TO DO -> Apart from the pictures, return every line of the listing exactly.

DATA ->
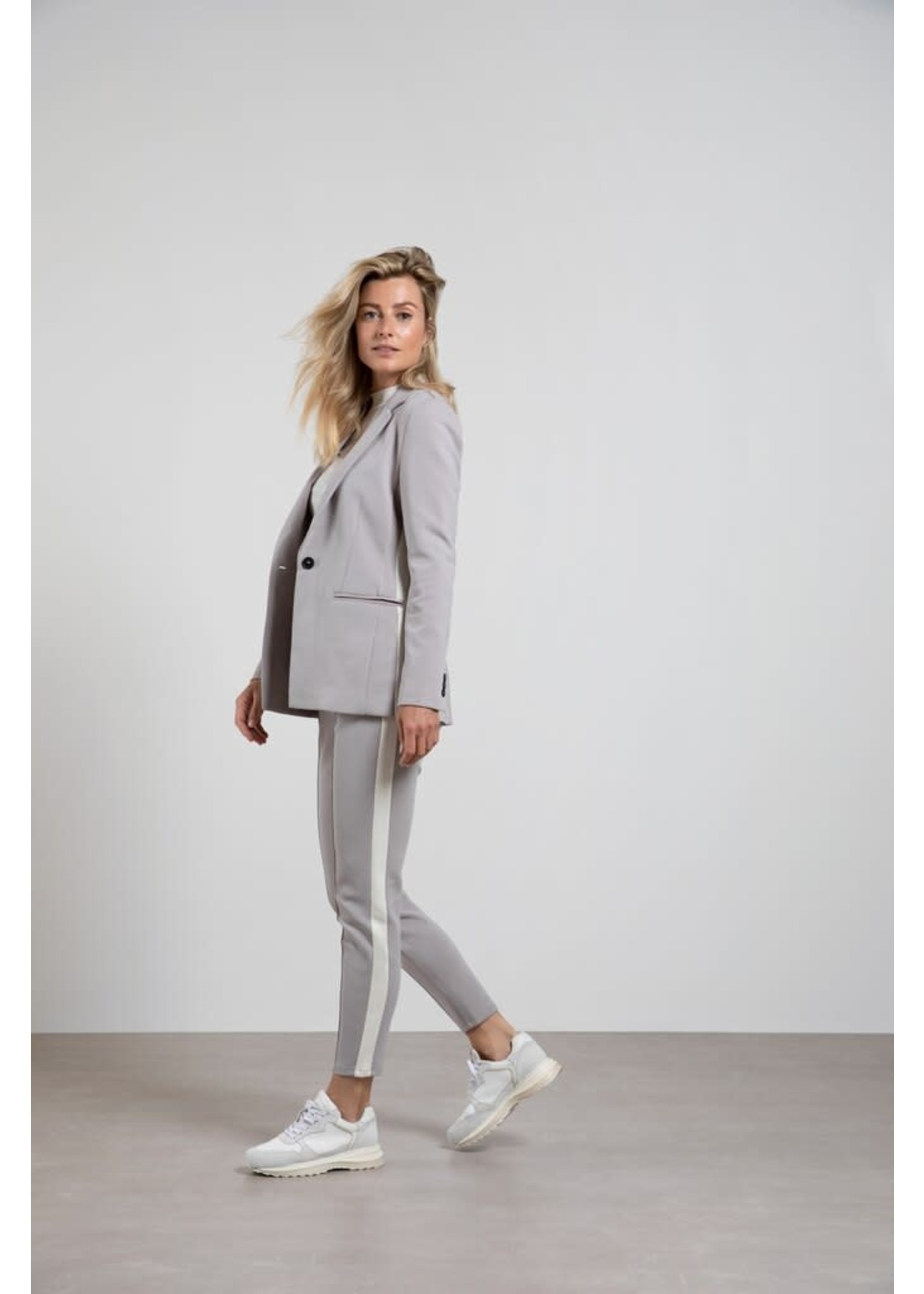 Yaya Yaya, Scuba trousers with side pockets, seam details and stripe, Paloma Grey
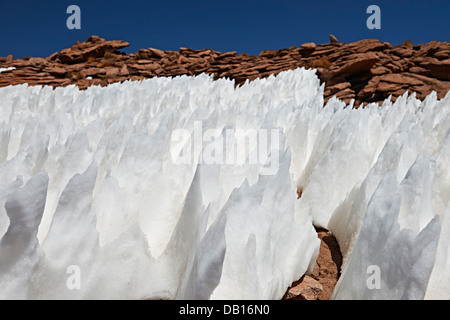 Landschaft mit Schneestrukturen, Penitentes, nieves penitentes, Penitente, Reserva Nacional de Fauna Andina Eduardo Abaroa, Bolivien, Südamerika Stockfoto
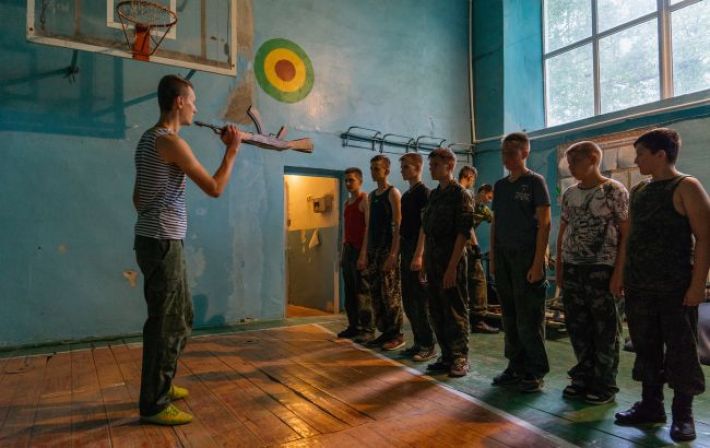 В Крыму начали готовить из военных преступников учителей для мелитопольских школ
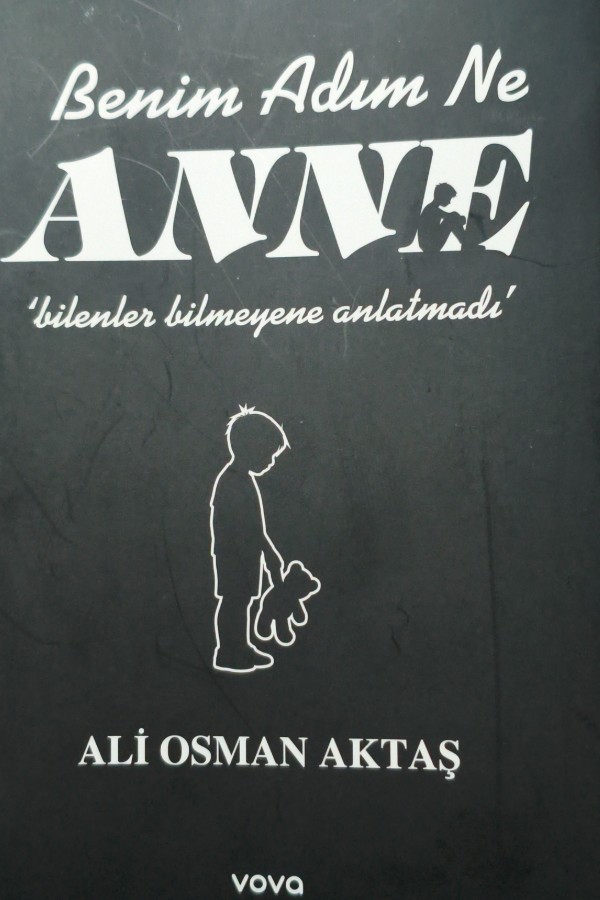 Benim Adım Ne Anne kitap kapağı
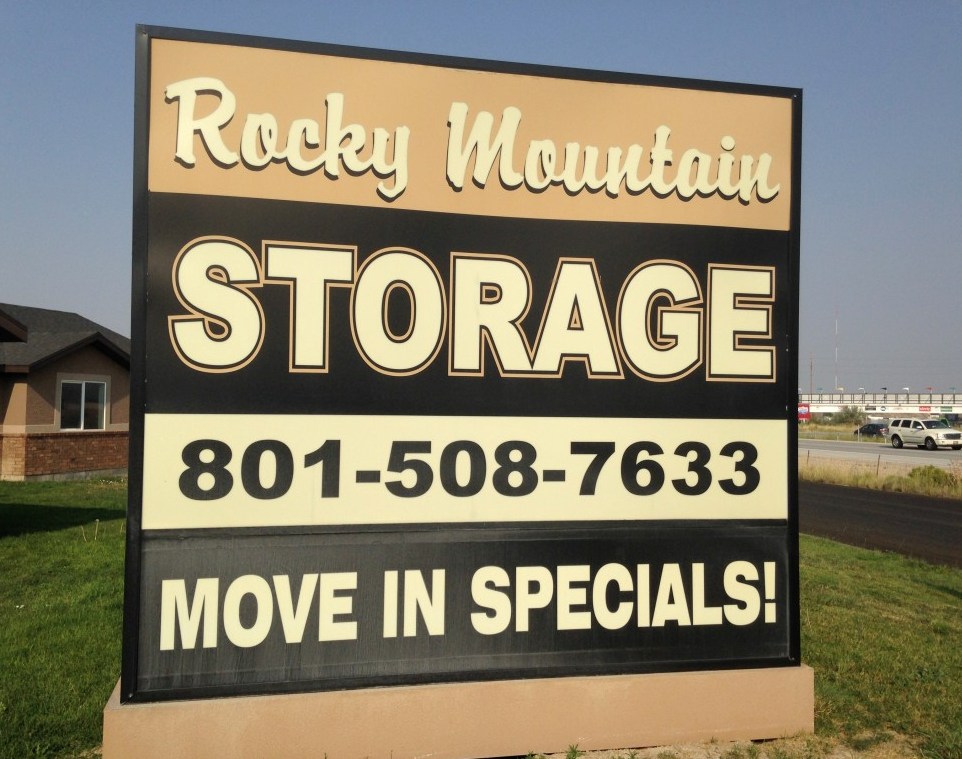 A sign that says rocky mountain storage on it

RESULT FOR THIS EXERCISE ->
 Yaya Yaya, Scuba trousers with side pockets, seam details and stripe, Paloma Grey
 Landschaft mit Schneestrukturen, Penitentes, nieves penitentes, Penitente, Reserva Nacional de Fauna Andina Eduardo Abaroa, Bolivien, Südamerika Stockfoto
 В Крыму начали готовить из военных преступников учителей для мелитопольских школ
 Benim Adım Ne Anne kitap kapağı
 A sign that says rocky mountain storage on it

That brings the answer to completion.